Are customer opinions worth surveying when creating a new product, especially one that is radically innovative? A product designer will likely give you one answer (see quotes above) while a marketer will give you quite another (Why build something no one will want to buy?)

Listen to the customer too much and you risk creating something that's evolutionary rather than revolutionary, and full of features folks say they want but in the end won't pay for. Ignore the market and you wind up shipping the next Colgate Kitchen Entrees.

The HBS Working Knowledge discussion What is Customer Opinion Good For?, by professor emeritus Jim Heskett, captures the debate well. Most respondents took a boring but correct "it depends" position.

Some argued that if you are extending a current product, designing a competing product, or entering a category where users balk at paying for features they won't use, then by all means turn the market research dogs loose!

But if you are creating a new product category, or even introducing a revolutionary concept to an established category, then market research is not going to help you much. No amount of customer surveying in 2000 was going to tell Apple to build iPods, iPhones and iPads.

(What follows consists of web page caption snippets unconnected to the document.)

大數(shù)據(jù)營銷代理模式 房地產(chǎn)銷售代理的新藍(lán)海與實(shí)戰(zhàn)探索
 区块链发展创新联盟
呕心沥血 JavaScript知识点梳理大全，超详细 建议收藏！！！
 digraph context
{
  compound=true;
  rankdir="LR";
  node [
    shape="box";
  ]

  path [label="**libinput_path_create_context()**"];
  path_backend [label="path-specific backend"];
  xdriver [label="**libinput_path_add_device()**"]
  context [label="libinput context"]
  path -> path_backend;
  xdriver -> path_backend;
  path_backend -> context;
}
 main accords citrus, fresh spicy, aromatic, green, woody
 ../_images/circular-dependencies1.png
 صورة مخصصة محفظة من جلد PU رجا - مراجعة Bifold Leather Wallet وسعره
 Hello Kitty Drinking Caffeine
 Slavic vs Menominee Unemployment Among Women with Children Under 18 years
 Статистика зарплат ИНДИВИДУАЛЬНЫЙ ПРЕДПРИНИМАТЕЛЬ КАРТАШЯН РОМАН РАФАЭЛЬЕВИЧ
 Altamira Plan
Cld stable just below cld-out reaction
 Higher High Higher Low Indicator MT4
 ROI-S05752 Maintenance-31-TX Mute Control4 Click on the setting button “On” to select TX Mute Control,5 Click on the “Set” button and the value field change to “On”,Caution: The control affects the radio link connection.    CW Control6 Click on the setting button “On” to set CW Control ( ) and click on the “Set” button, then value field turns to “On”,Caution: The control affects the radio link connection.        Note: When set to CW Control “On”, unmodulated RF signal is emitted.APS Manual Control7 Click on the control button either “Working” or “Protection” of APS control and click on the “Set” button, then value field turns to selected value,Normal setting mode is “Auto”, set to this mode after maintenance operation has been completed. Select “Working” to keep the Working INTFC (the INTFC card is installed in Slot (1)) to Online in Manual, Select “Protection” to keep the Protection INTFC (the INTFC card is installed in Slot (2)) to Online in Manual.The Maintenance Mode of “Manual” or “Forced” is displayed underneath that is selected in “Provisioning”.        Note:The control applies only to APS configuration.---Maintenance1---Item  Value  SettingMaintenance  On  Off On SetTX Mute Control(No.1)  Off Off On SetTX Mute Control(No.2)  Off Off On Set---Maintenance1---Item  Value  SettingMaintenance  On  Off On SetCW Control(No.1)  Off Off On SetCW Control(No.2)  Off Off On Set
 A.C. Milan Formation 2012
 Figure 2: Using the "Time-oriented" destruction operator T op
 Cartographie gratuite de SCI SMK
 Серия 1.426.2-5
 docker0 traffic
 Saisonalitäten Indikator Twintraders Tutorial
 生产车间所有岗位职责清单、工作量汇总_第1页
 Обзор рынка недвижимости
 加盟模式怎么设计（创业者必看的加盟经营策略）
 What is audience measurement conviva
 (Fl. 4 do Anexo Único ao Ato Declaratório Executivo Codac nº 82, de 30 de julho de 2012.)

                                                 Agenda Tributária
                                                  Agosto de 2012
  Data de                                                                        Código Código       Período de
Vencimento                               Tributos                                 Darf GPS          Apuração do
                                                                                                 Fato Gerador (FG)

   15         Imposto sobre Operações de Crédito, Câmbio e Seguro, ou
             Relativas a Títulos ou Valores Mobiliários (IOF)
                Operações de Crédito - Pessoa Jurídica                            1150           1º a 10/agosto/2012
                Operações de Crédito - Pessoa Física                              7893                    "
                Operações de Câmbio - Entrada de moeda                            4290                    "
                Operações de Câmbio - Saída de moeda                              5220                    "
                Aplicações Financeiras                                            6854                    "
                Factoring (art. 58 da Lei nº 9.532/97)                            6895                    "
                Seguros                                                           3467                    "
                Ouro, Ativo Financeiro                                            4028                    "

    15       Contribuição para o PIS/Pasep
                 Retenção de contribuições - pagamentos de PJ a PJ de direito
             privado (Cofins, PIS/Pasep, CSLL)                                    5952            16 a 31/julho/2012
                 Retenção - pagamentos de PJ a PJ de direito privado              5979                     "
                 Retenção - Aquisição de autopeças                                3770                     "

Here is a sampling of the comments:

  • "If a company's goal is to develop a product to directly compete against another product already on the market then using customer surveys, as well as Internet chatrooms and such, can put the new product into a great position, especially if the first product gets some bad press and already has some readily know faults." --Alexander
  • "As the person who was responsible for bringing the Rooty Tooty Fresh and Fruity Breakfast to market when I was a young VP of Marketing at IHOP, we did absolutely NO market research on an item that has conservatively been responsible for at least 200 million in sales for that chain." --Stephen
  • "In cases where a need for a new product has to be created, (market research) is necessary to arouse awareness of the product and interest in its benefits in order that prospective customers accept the product and eventually purchase it." --Fidel
  • "True innovation is often such a departure from the norm that it requires behavioral changes that can't be imagined by any consumer except the most visionary, early adopter, until a prototype is in hand." --Aaron
I side most closely with the view of this anonymous poster.
"Too many companies think they can simply ask customers what they want and go build it. This leads to incremental, me-too product enhancements. The key is to really get at customers' unmet needs and preferences that they find hard to articulate. It takes more work, but that's where the pay-off is."
I would love to hear your thoughts on this issue. Is customer opinion becoming less important in product design? Or, as the economy continues to keep spending in check, is research the best hedge you have against product failure?

Put another way, is your first hire in the New Products Department a designer or a marketer?